The States of New Jersey and New York adopted a plan for the development, maintenance and operation of air and marine terminal and transportation facilities in the Port of New York District, and to effectuate it adopted concurrent legislation. New Jersey, chapter 43, Laws of 1947, R.S. 32:1-35.1 to 32:1-35.17, relating to air terminals, and chapter 44, relating to marine terminals, R.S. 32:1-35.28 to 32:1-35.36, amended by chapters 212 and 214, Laws of 1948, R.S. 32:1-35.1 et seq.; New York, chapter 802, Laws of 1947, as amended by chapter 785, Laws of 1948; chapter 631, Laws of 1947, as amended by chapter 784, Laws of 1948. Pursuant thereto, on October 22, 1947, the plaintiff and the City of Newark entered into a written agreement pertaining to the Newark Airport and Port Newark Marine Terminal. The defendant municipality leased to the plaintiff, and the plaintiff hired from the defendant, under a long-term lease, certain lands and premises particularly described in the agreement and outlined on accompanying maps. The plaintiff has been in possession of the property since March 22, 1948, and in compliance with the terms of the lease has paid to the defendant a minimum annual rental of $100,000.

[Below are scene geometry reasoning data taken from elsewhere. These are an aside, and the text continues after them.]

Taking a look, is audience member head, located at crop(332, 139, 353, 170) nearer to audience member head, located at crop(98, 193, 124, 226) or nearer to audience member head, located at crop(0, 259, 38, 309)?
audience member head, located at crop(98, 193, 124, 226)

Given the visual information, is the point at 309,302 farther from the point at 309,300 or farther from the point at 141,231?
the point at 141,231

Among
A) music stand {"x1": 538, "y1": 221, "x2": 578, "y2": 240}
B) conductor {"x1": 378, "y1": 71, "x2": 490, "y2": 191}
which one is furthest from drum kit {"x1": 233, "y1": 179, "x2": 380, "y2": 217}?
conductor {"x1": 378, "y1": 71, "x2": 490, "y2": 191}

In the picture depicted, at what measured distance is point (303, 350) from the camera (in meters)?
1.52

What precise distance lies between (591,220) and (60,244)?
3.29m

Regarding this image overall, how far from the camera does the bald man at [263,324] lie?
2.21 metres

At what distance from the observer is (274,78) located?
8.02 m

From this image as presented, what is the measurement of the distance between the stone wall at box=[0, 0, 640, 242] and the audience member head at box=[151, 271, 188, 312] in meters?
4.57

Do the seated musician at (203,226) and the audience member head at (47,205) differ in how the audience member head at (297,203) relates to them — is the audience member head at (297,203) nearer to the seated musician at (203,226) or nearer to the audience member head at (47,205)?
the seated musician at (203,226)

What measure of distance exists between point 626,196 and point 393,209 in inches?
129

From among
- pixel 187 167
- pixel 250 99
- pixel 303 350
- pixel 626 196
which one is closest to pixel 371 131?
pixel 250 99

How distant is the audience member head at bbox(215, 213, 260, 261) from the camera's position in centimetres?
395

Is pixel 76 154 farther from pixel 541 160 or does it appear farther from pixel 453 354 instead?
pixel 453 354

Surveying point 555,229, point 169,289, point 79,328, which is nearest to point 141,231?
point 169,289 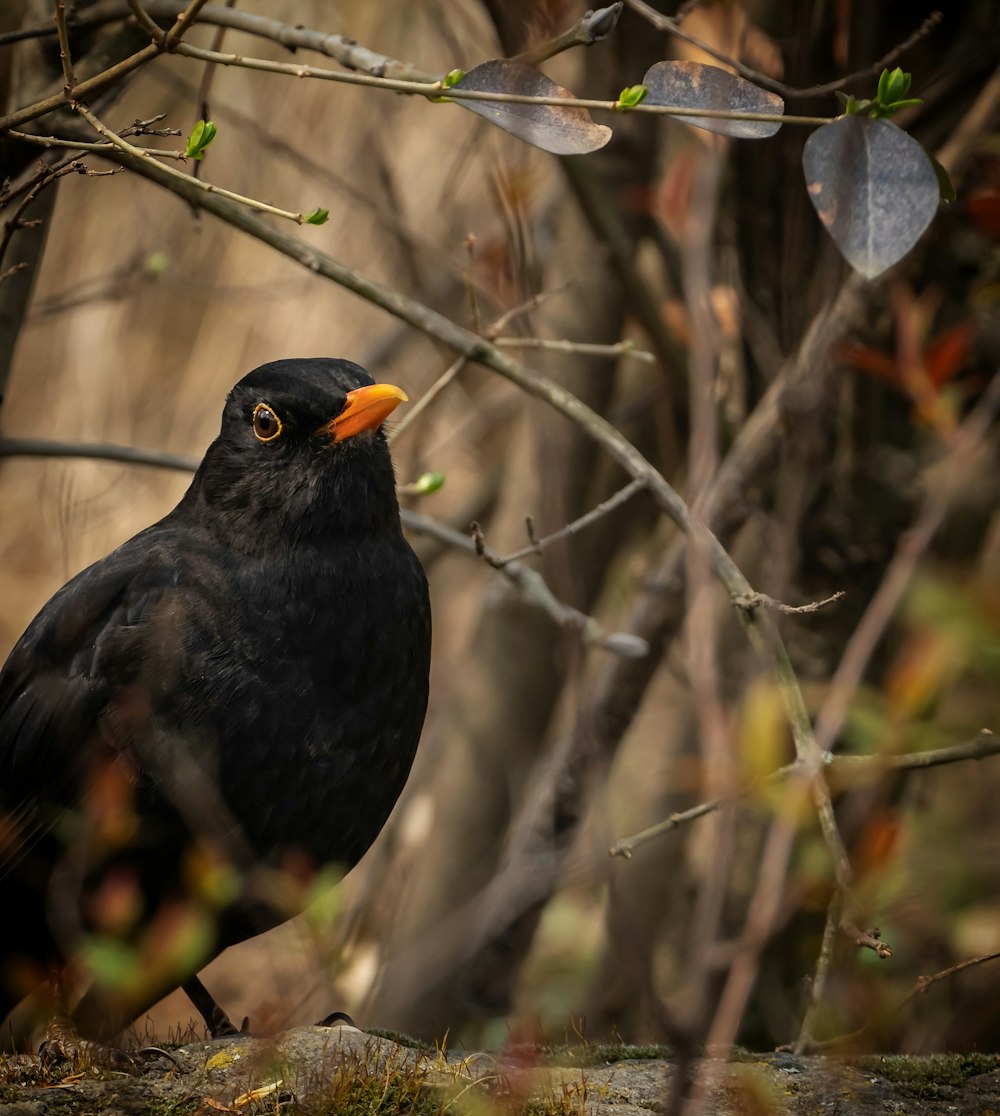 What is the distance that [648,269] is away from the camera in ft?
17.8

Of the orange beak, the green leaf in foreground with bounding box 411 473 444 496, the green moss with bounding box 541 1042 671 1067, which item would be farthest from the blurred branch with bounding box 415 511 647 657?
the green moss with bounding box 541 1042 671 1067

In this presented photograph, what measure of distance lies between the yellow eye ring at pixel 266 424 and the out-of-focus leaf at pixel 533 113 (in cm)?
112

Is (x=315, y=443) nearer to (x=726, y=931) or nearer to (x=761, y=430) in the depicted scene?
(x=761, y=430)

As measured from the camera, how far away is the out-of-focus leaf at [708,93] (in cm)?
253

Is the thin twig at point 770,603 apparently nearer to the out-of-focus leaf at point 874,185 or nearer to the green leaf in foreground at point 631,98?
the out-of-focus leaf at point 874,185

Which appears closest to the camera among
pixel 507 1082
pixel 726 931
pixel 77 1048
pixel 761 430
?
pixel 507 1082

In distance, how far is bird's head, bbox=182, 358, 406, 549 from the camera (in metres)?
3.42

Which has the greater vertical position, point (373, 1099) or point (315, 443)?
point (315, 443)

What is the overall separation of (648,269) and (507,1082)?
12.0 ft

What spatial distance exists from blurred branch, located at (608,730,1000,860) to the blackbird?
915mm

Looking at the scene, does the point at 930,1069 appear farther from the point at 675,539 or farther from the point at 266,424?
the point at 266,424

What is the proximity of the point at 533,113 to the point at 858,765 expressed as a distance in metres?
1.42

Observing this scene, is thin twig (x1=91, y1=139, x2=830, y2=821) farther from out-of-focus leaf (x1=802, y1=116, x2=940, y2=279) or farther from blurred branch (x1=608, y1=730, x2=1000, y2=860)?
out-of-focus leaf (x1=802, y1=116, x2=940, y2=279)

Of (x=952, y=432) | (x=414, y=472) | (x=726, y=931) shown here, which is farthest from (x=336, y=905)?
(x=414, y=472) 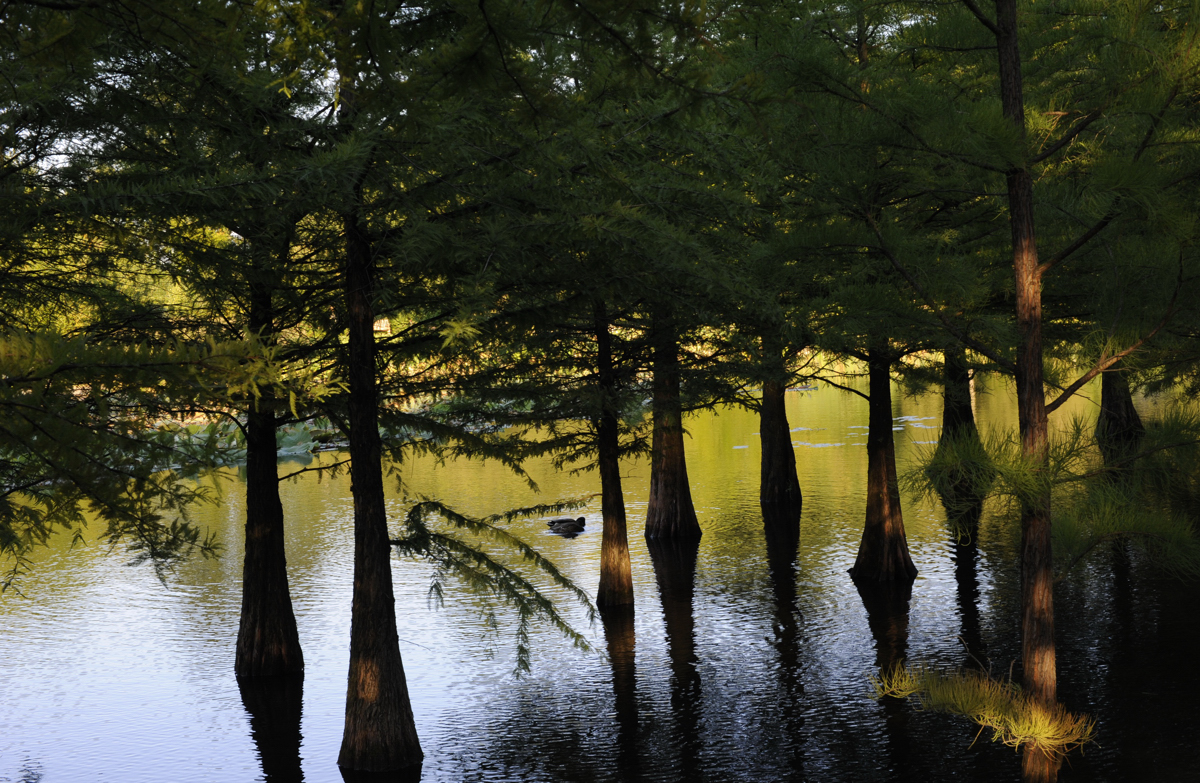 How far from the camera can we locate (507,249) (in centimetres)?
1043

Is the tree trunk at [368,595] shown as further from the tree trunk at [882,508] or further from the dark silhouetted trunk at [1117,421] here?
the tree trunk at [882,508]

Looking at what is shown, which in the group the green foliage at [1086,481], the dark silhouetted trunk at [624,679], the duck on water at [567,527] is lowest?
the dark silhouetted trunk at [624,679]

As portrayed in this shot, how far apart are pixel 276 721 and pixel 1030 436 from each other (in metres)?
10.8

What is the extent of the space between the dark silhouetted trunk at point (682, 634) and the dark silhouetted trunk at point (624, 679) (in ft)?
1.94

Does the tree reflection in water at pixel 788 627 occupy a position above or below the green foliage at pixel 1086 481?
below

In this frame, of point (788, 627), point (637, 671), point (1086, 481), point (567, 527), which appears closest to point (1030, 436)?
point (1086, 481)

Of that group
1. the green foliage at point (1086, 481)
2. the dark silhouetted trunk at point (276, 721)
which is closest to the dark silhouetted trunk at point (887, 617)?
the green foliage at point (1086, 481)

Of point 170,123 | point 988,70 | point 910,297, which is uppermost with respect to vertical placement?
point 988,70

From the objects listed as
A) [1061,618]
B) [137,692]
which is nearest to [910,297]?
[1061,618]

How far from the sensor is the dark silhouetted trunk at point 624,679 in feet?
40.2

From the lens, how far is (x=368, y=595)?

For the rehabilitation and development of the Newark Airport and Port Newark, the plaintiff has issued and sold bonds for $27,000,000, secured by a pledge of the revenues of the two terminals. It has spent and entered into contracts involving expenditures of $20,300,000. The lease made explicit provision for discontinuance of dumping of garbage and refuse upon the demised premises by the defendant not later than 16 months from its effective date, i.e. , July 21, 1949. Section 41 provides as follows:
"The City shall terminate as of a date not later than six months after the effective date of the lease, all permits issued to third parties to dump refuse and trade waste on the demised premises.
The Port Authority agrees, however, to permit the City to continue the dumping of refuse on the demised premises for a period not to exceed 16 months after the effective date of the lease, and the City agrees to cease and discontinue all such operations after that date. * * *"
Cognizant of its obligation to discontinue dumping on July 21, 1949, but finding itself unable to do so, the defendant requested an extension of time in a letter dated June 29, 1949, from Mayor Ralph A. Villani to the plaintiff. He wrote as follows:
"The terms of the lease between the Port of New York Authority and the City of Newark require that within a very short period, the City must discontinue dumping refuse material on the Airport area.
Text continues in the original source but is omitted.